In winter, I never saw daylight.  The sun failed to rise by the time I completed the sad stumble to work.  After a half-@rsed, low arc on the horizon, the sun had long since disappeared by the time I escaped the gaffer in the evening.  It left you wondering as to why the sun even bothered?  Why did I even bother?  I was living in the movie, 30 Days of Night… except that all those pale kids in town were not vampires.  They were just English.

But…  I did not really care about any of these downers.  Sure, the lack of daylight was a difficult adjustment, but you celebrate the differences.  What is the point of travelling if you want it just like home?…  But then again, what is the point of living in a foreign country if all you see is the office of a job that you hate, and the inside of a flat where you can’t even swing a cat?  Not even a small cat.  And believed me, I tried.  I find it is still the quickest and cheapest way to dry little Felix.

I set the controls for the heart of November 5th.  Worst comes to worst, I could save enough money to quit by then…  But more importantly, the Dillinger Escape Plan play up in London on the 5th.  The next day, I’m following Dillinger to Leeds for the Damnation Festival.  No deadlines or undue pressure can make Noise Road miss that weekend.

However, salvation came a few days earlier.

Salvation, thy name be Dillinger

I had given up on Southampton, when the Dillinger Escape Plan launched an assault on the University.  After 6 months entrenched in Southampton, this was my first gig here.  Before the job turned toxic 9 weeks previous, I regularly travelled from Southampton to London for shows.  Before the money ran out, I even travelled from Southampton to France and Germany for gigs.  However, this was my debut gigging experience in So’ton.

In the line for the show, I talked with strangers about the most recent Dillinger album, past gigs, the support act and European festivals.  I had new friends.

I drank tepid Fosters from a can while the openers, the Ocean, soared from the stage.  I was happy for the first time in weeks.

Dillinger brought their mix of manic energy and musical craftsmanship.  Arm in arm with a punter, I sang along to the choruses of Gold Teeth on a Bum and Chinese Whispers.  I rushed the mic for Sunshine the Werewolf….   Steam filled the room as body heat met the cool late Autumn air in the hallway.

Who cares if your job is sh!t?  Who cares if things have not quite gone to plan?  You just caught an amazing show on the other side of the planet.  We have struggled but we are still here.  We are managing to make the Noise Road dream possible.  I walked back to my flat sweaty, cold and happy.

The situation did not progress any further until the following Dillinger weekend in London and Leeds.  I trained into London on Guy Fawkes Day.  Dating back to the gunpowder plot, November 5th is a traditional day of fireworks in the UK.

As I walked from the hostel in Camden to the show at the Electric Ballroom, fireworks exploded all around.  It was a surreal experience.  London’s burning.

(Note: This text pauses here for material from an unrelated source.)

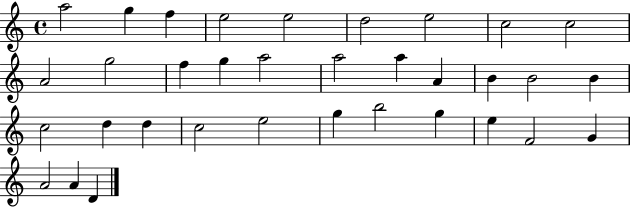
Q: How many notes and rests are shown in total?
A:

I drank more than usual and beelined straight to the pit.  The night started in a blur of fireworks on the streets of Camden and ended surrounded by hundreds pushing me towards Puciato’s mic.

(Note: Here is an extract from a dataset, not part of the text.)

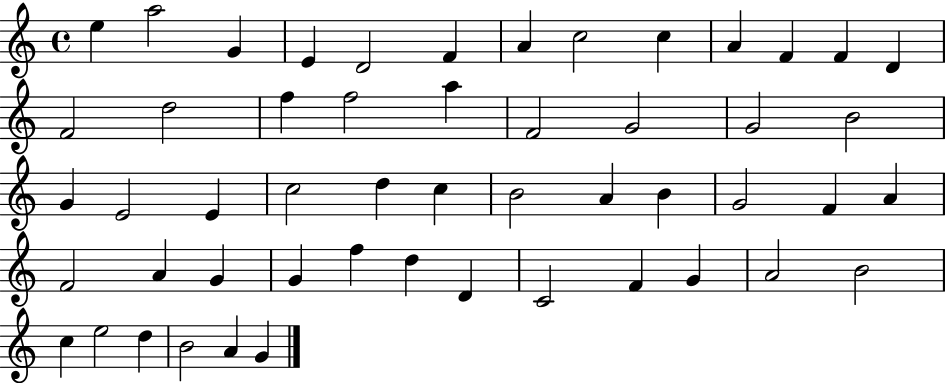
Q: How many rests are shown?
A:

The next morning, I woke at first light to travel to Leeds for another awesome show.  Read review here.

After the Leeds weekend, I re-entered the real world via a slow train to Southampton.  The sh!t wasn’t over.  I still needed to build up some funds.  Work was still going to be cr@p… but no more would the b@st@rds interfere with the adventures of Noise Road.  Unknown to them, that company is now merely sponsoring Noise Road.

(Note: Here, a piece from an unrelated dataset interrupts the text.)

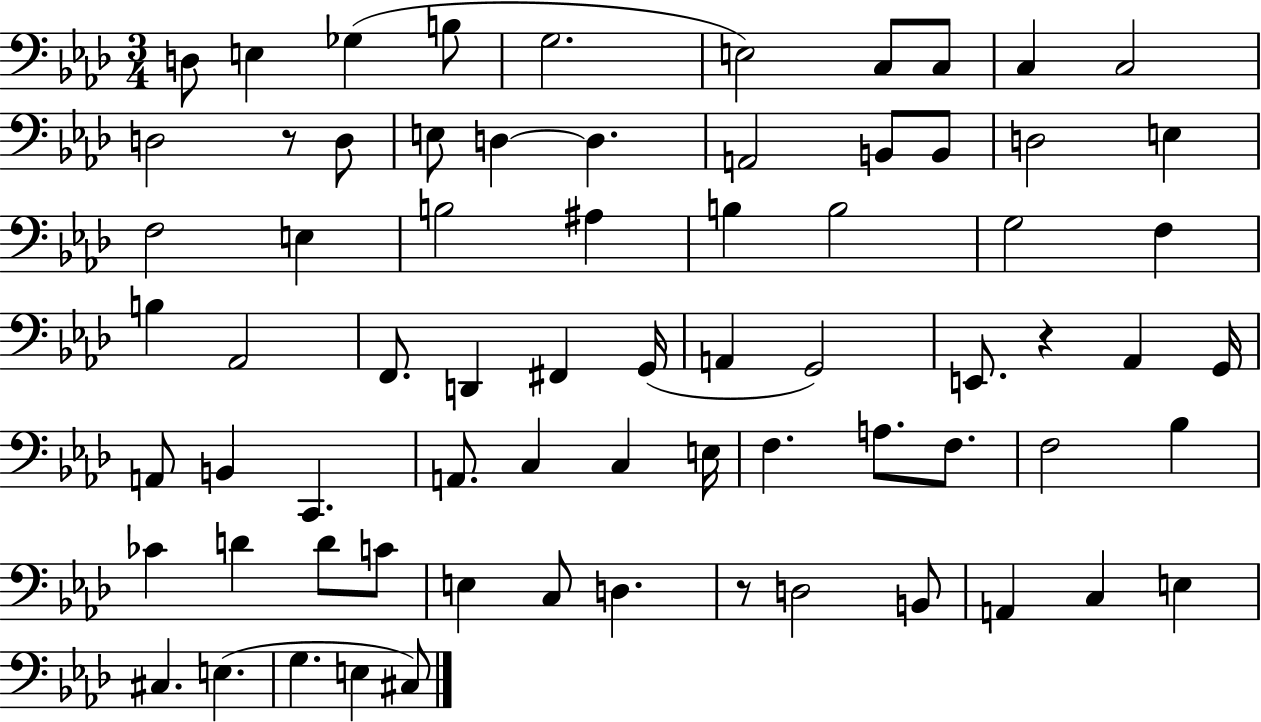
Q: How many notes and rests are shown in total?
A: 71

This new defiance needed a symbol.  It needed a protest beard.  A big, untrimmed, unkempt, ugly motherfecker of a beard.

As the number of days without a shave grew, I could see the contempt in the eyes of my very prim and proper boss (an ex Air Force Officer).  It angered the managers and foreman who already thought that I was lazy.  He is so lazy that he doesn’t even shave anymore.

Protest beard.

Protest beards and gigs and travels.  Noise Road is back!